- _INFORMATION_

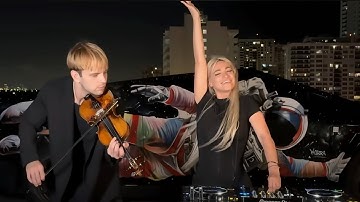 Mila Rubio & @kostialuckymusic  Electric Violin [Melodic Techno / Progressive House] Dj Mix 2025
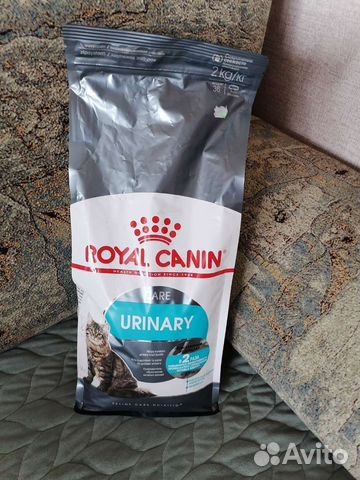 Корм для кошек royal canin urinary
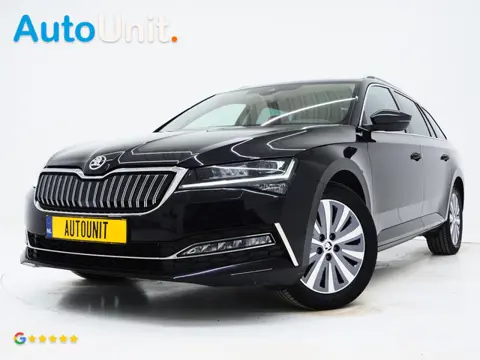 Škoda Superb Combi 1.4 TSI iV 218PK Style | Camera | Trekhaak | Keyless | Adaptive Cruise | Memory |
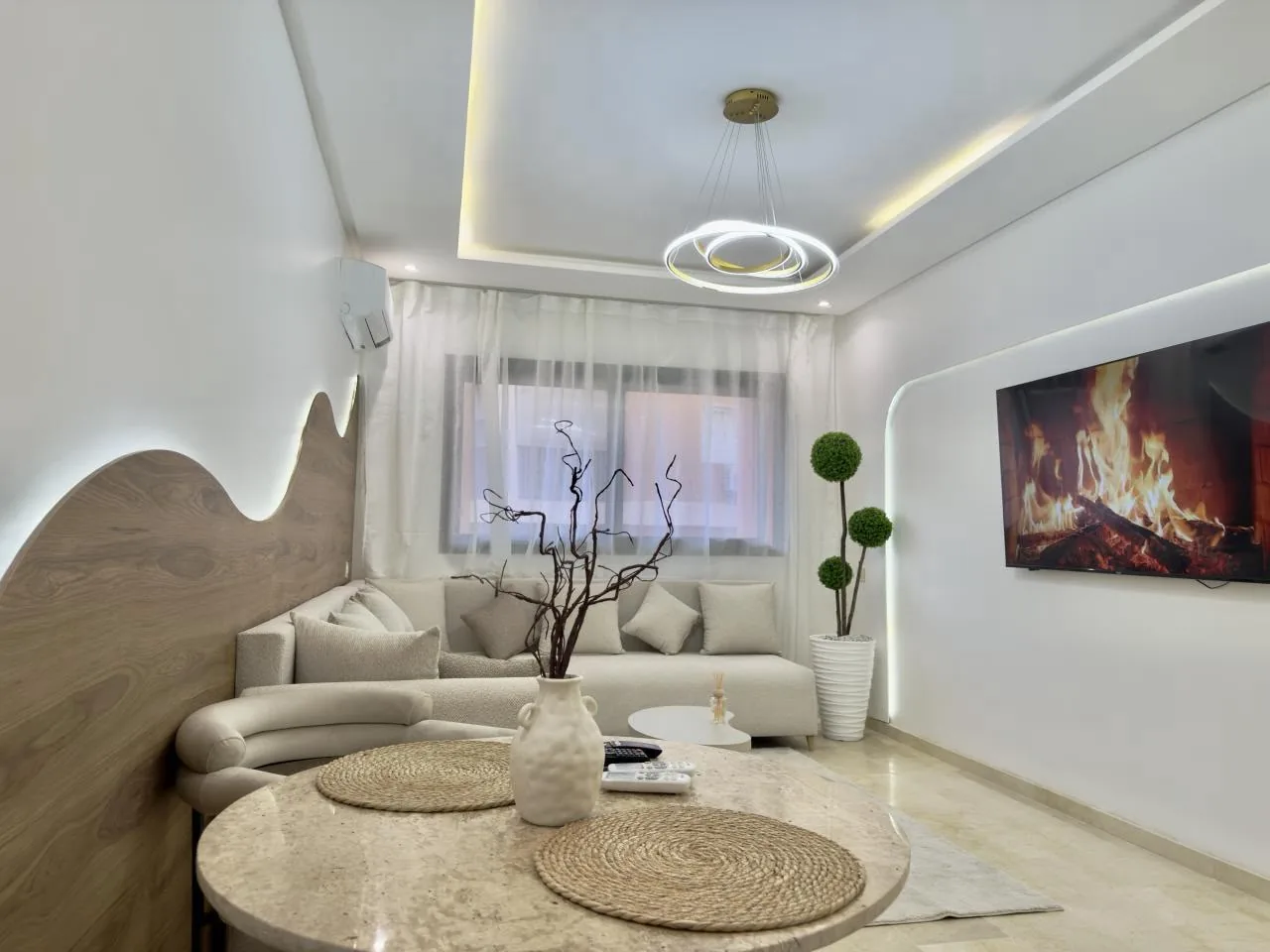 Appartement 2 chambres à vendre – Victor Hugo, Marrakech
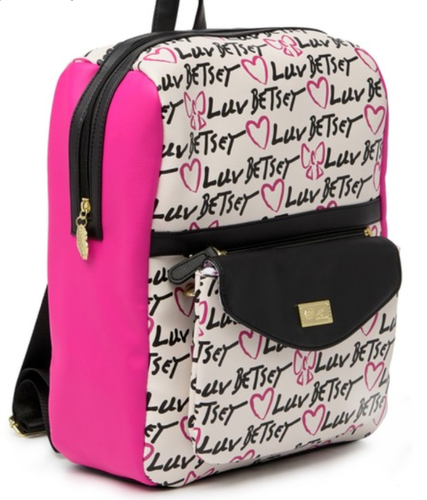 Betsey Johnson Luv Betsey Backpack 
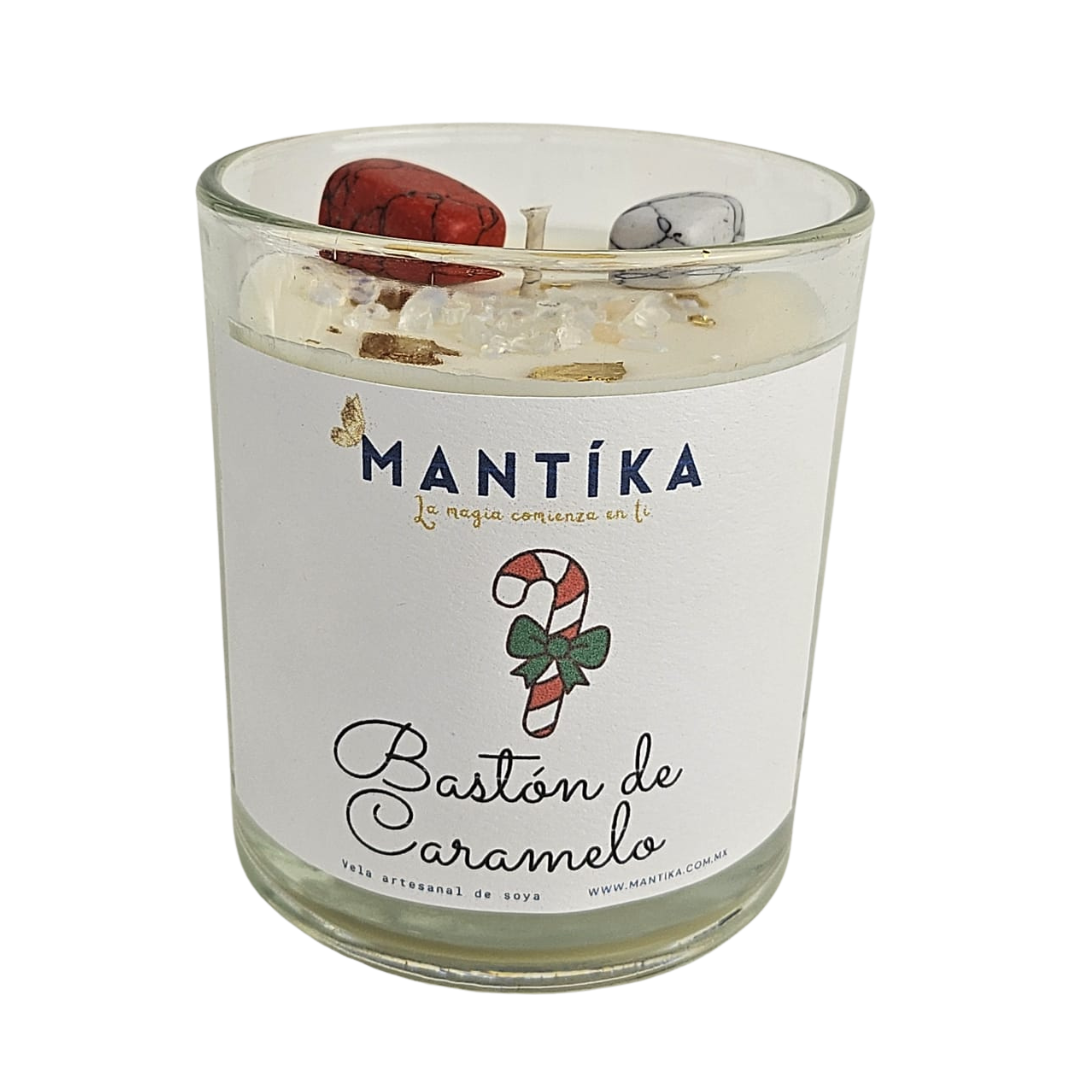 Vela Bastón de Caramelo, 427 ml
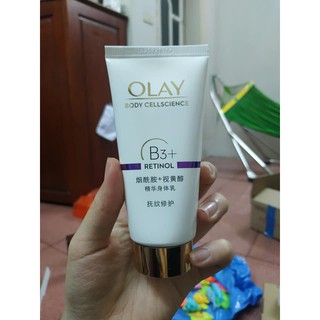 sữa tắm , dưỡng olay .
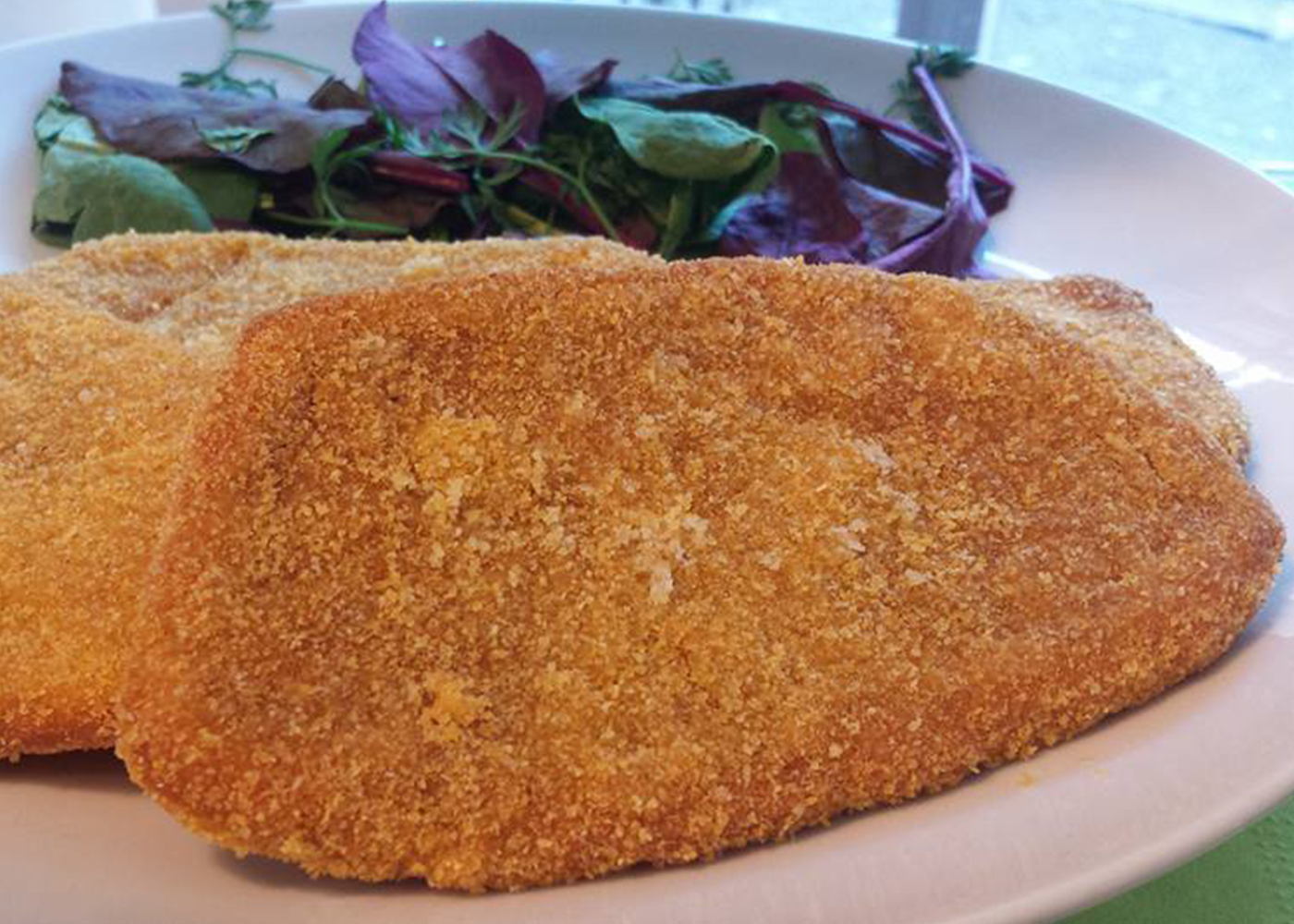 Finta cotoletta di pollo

- _ABOUT THIS EXERCISE_
Copy the lines from the line that contains "Appartement 2 chambres" through the end of the records, exactly and with nothing added; leave the pictures out.

- _RESPONSE AREA_
 Appartement 2 chambres à vendre – Victor Hugo, Marrakech
 Betsey Johnson Luv Betsey Backpack 
 Vela Bastón de Caramelo, 427 ml
 sữa tắm , dưỡng olay .
 Finta cotoletta di pollo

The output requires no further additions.